#### [Dataset content]
+ + + + +

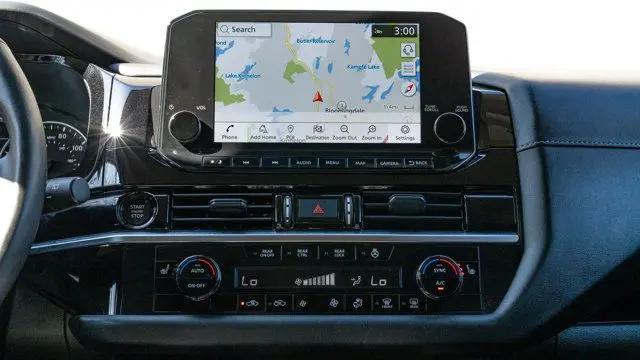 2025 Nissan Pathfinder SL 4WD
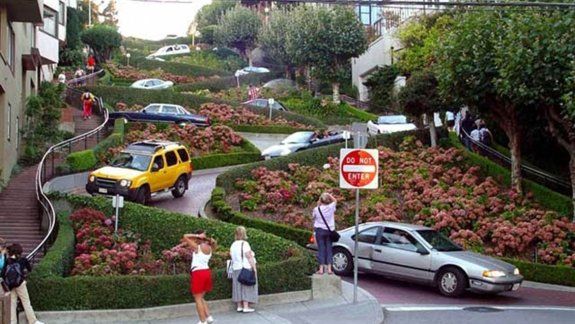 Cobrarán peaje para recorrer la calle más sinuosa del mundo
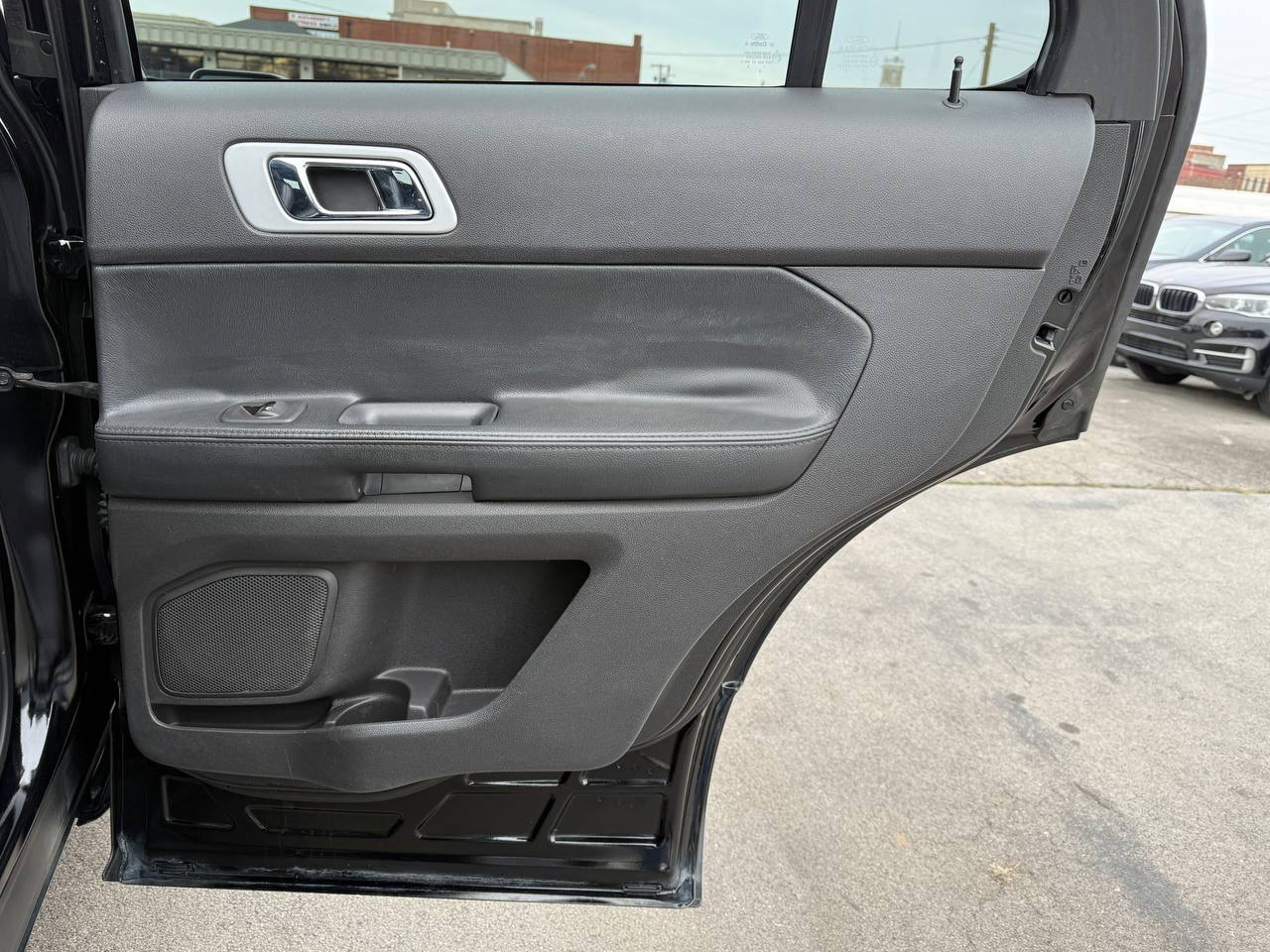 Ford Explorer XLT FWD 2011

+ + + + +

#### [Exercise instructions]
The expected output is the complete listing, word for word, without any picture.

#### [Answer below]
 2025 Nissan Pathfinder SL 4WD
 Cobrarán peaje para recorrer la calle más sinuosa del mundo
 Ford Explorer XLT FWD 2011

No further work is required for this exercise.